Problem description: Lines from the one containing "LSX Chevy Muscle" through the final line of the data, restated word for word and free of pictures, make up the whole answer.

The data:
_ _ _

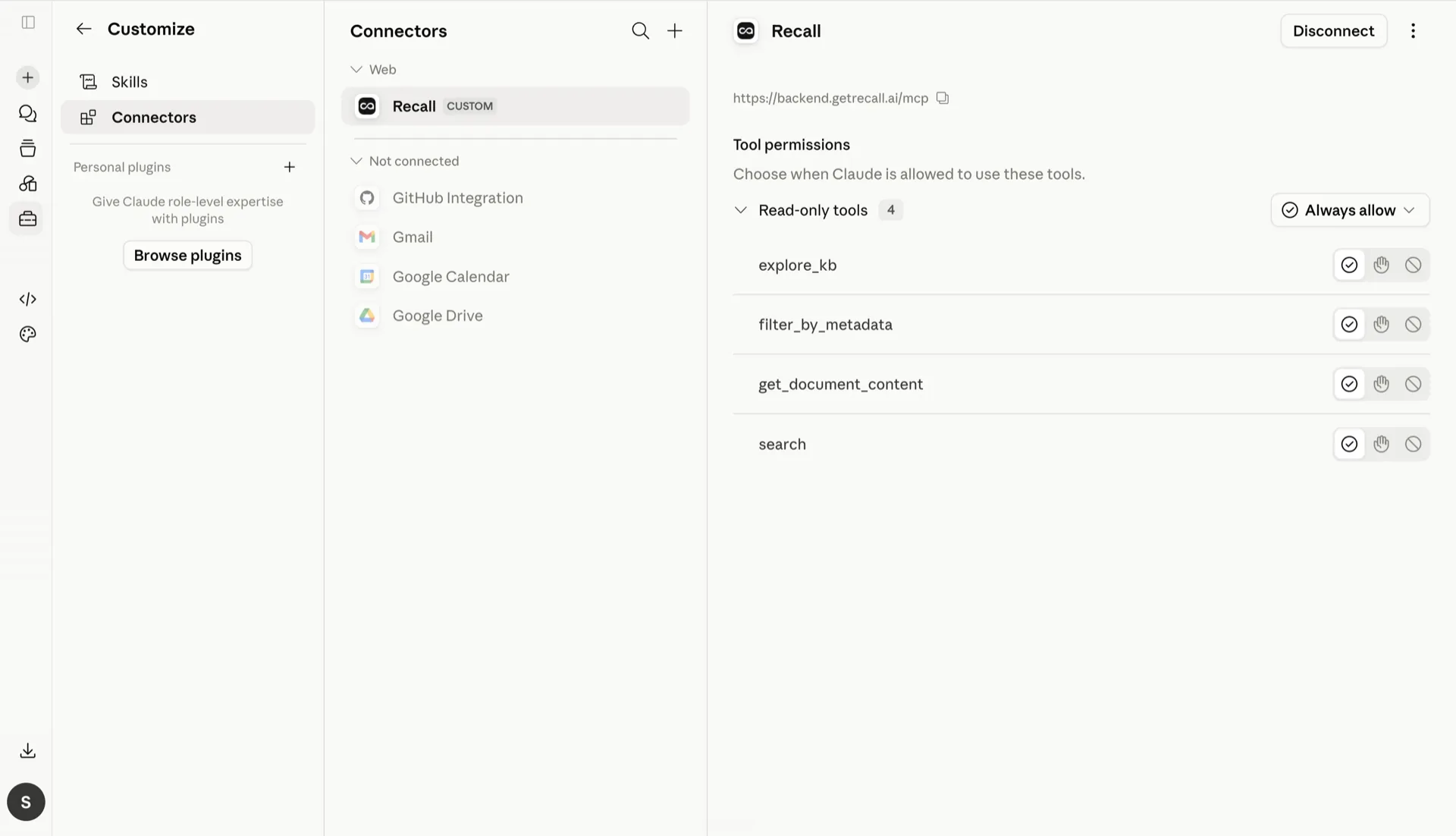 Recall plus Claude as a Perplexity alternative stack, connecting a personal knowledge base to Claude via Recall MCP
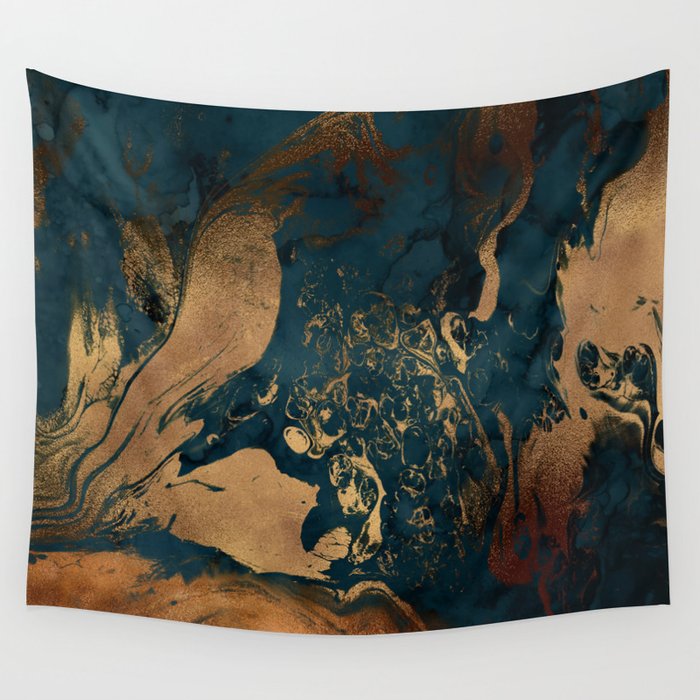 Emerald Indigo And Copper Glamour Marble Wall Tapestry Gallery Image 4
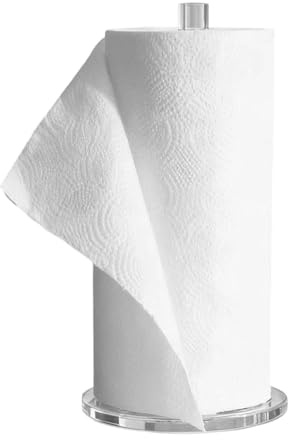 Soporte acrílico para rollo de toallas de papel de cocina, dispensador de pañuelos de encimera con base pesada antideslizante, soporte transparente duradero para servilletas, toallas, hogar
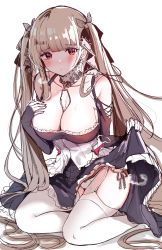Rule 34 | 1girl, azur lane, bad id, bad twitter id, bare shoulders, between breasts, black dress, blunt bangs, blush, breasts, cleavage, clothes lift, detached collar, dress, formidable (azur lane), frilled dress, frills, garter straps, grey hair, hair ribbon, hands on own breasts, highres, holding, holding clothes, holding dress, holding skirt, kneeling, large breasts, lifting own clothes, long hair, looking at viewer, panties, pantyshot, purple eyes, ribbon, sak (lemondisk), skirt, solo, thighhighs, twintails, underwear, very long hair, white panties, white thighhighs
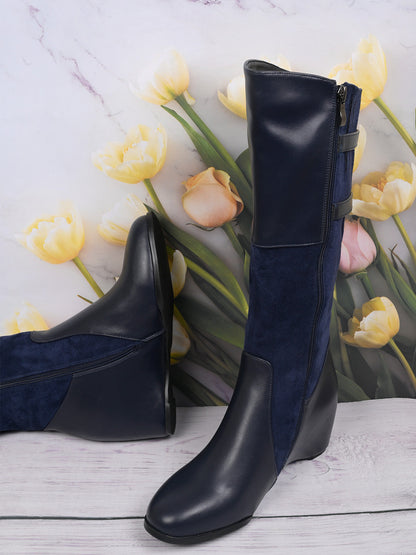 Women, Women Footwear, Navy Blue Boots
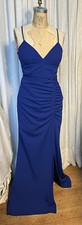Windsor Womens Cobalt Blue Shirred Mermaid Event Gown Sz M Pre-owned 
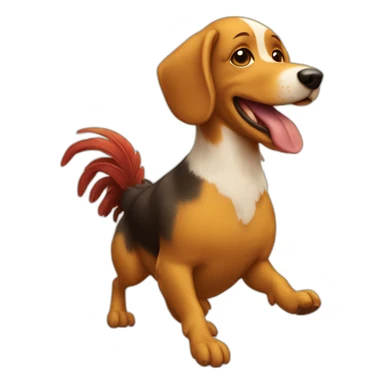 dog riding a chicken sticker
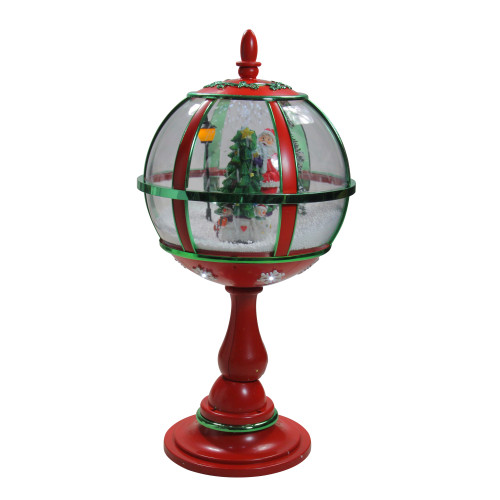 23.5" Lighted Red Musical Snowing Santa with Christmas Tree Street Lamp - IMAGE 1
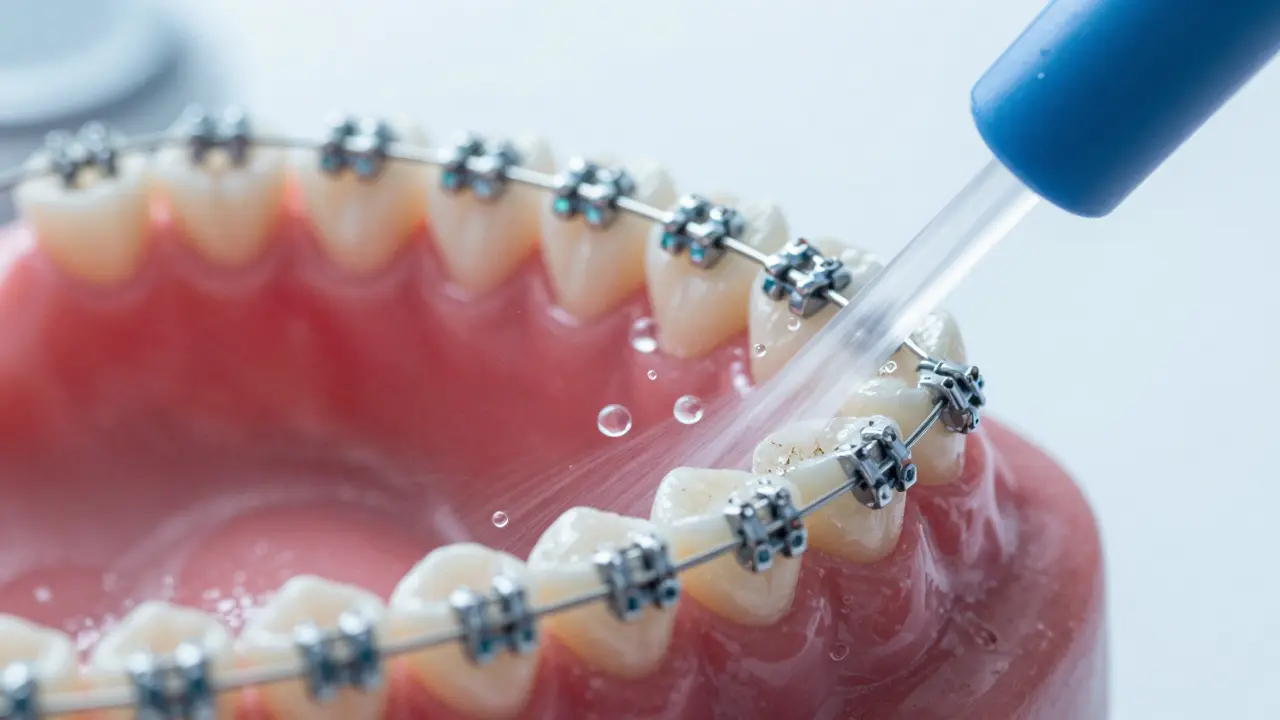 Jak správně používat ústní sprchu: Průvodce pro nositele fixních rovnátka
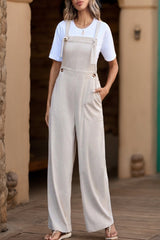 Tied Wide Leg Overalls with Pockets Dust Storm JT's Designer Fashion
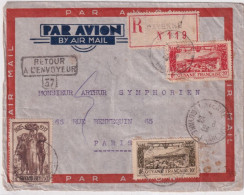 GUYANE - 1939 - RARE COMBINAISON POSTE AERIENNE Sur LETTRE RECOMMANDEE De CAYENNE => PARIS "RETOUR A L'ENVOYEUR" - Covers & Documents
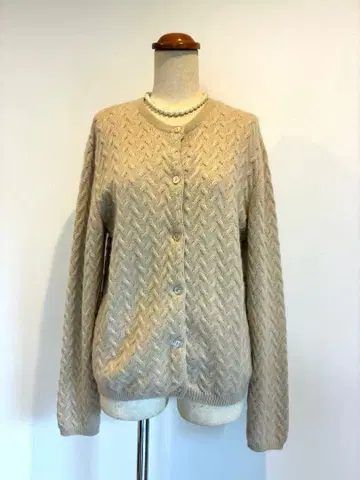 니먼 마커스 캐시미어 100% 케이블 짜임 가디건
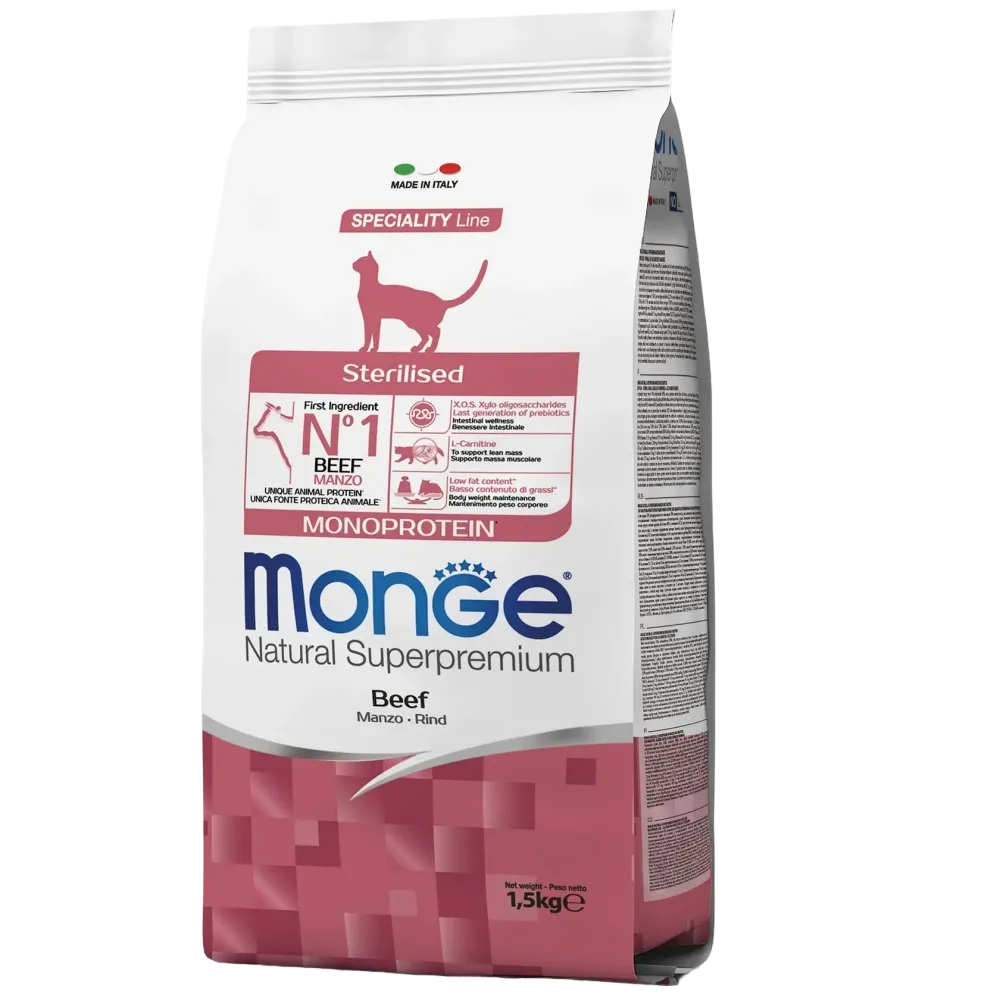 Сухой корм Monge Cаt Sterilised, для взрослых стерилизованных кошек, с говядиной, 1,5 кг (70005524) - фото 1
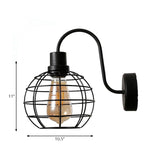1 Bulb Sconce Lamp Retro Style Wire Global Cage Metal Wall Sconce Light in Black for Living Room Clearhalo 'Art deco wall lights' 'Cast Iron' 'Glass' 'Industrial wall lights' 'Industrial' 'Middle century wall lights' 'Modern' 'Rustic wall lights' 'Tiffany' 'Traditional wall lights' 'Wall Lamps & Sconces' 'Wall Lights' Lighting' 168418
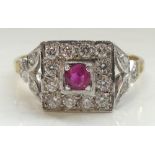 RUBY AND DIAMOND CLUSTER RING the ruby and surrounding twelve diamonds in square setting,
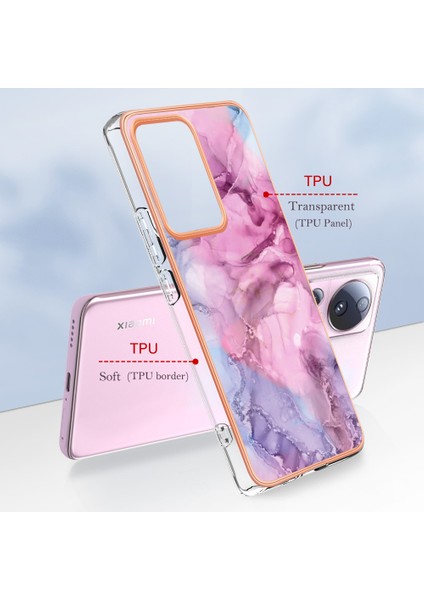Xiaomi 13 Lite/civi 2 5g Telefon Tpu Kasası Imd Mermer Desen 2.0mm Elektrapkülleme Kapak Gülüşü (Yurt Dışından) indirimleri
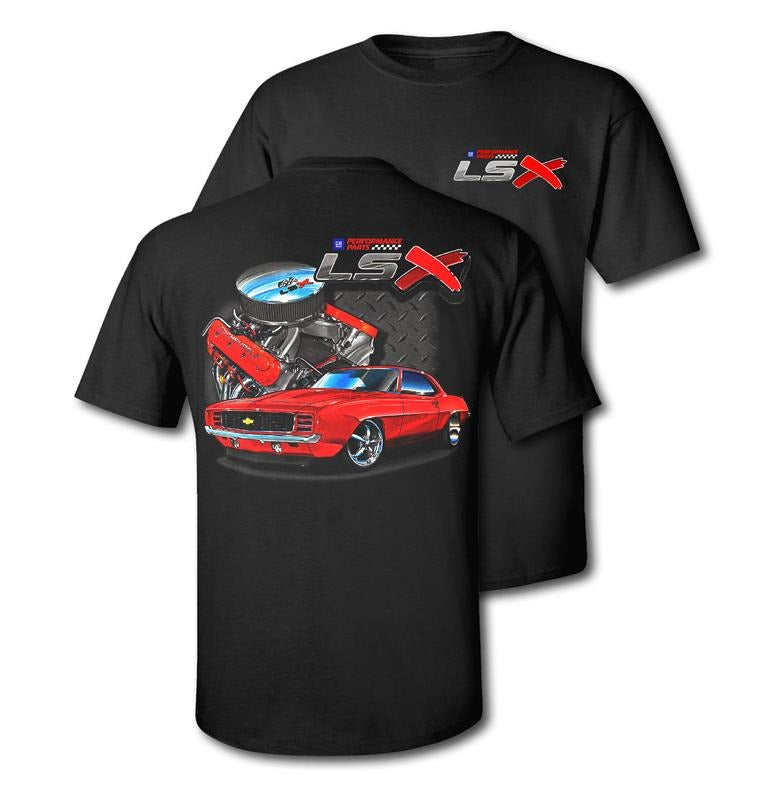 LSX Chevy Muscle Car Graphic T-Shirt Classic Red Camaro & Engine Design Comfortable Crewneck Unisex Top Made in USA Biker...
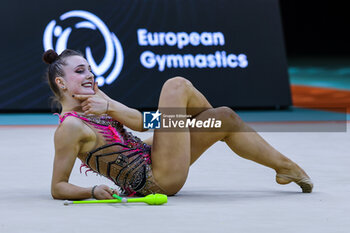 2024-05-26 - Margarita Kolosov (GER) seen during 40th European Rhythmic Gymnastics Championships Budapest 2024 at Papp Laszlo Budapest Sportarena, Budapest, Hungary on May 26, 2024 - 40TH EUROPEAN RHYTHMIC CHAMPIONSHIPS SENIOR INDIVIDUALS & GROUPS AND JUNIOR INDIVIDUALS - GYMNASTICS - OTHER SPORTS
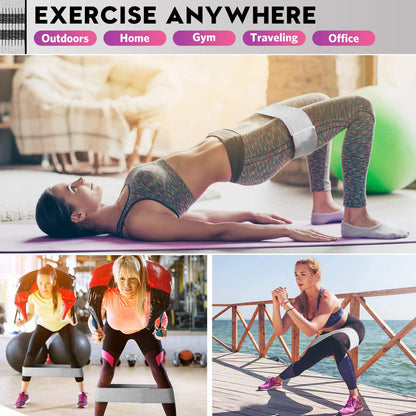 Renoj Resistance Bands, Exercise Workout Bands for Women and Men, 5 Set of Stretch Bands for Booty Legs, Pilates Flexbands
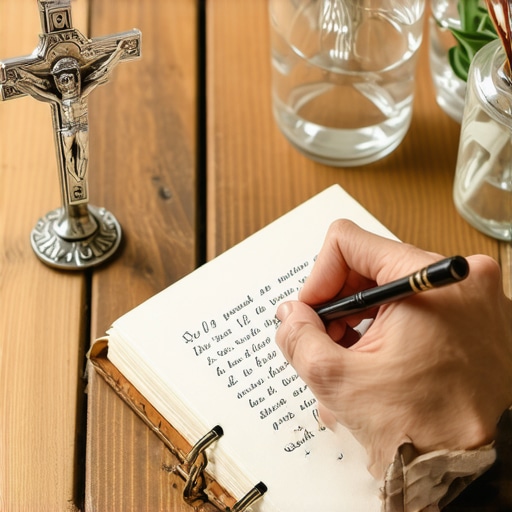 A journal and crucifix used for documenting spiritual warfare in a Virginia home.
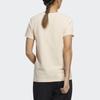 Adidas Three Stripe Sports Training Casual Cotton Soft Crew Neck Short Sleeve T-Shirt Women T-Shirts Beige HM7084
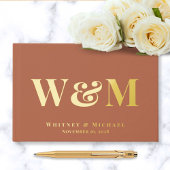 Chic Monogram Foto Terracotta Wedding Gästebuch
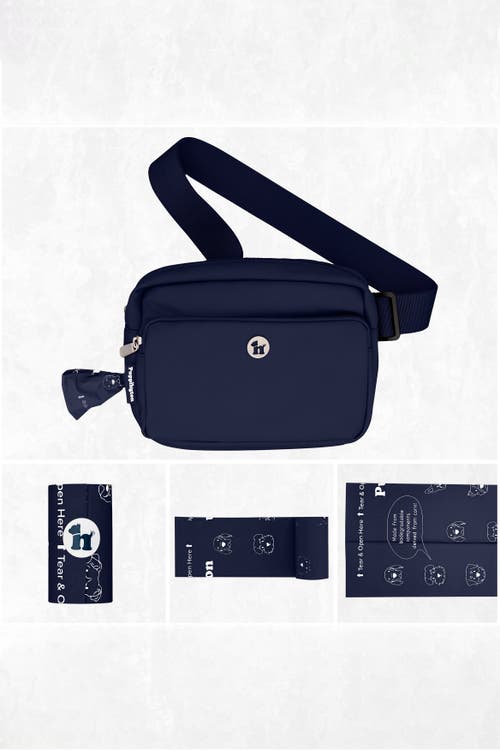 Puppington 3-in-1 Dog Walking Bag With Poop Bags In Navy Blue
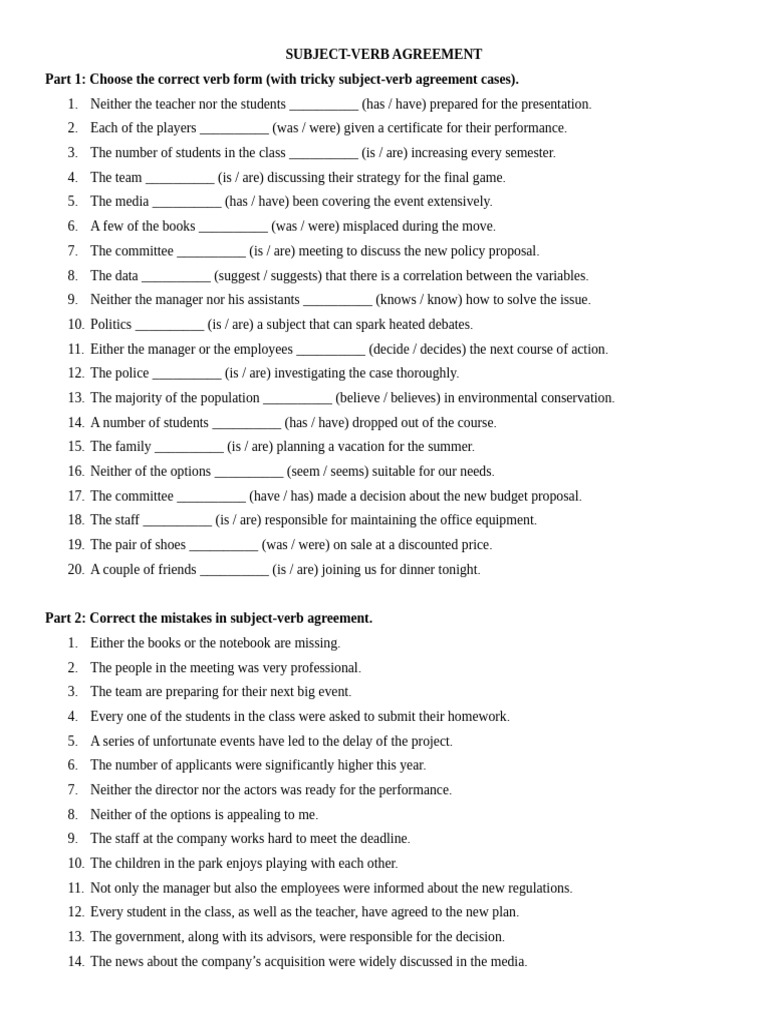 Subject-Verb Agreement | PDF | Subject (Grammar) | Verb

_ _ _

Exercise result:
 LSX Chevy Muscle Car Graphic T-Shirt Classic Red Camaro & Engine Design Comfortable Crewneck Unisex Top Made in USA Biker...
 2024-05-26 - Margarita Kolosov (GER) seen during 40th European Rhythmic Gymnastics Championships Budapest 2024 at Papp Laszlo Budapest Sportarena, Budapest, Hungary on May 26, 2024 - 40TH EUROPEAN RHYTHMIC CHAMPIONSHIPS SENIOR INDIVIDUALS & GROUPS AND JUNIOR INDIVIDUALS - GYMNASTICS - OTHER SPORTS
 Renoj Resistance Bands, Exercise Workout Bands for Women and Men, 5 Set of Stretch Bands for Booty Legs, Pilates Flexbands
 A journal and crucifix used for documenting spiritual warfare in a Virginia home.
 Adidas Three Stripe Sports Training Casual Cotton Soft Crew Neck Short Sleeve T-Shirt Women T-Shirts Beige HM7084
 Chic Monogram Foto Terracotta Wedding Gästebuch
 Puppington 3-in-1 Dog Walking Bag With Poop Bags In Navy Blue
 Subject-Verb Agreement | PDF | Subject (Grammar) | Verb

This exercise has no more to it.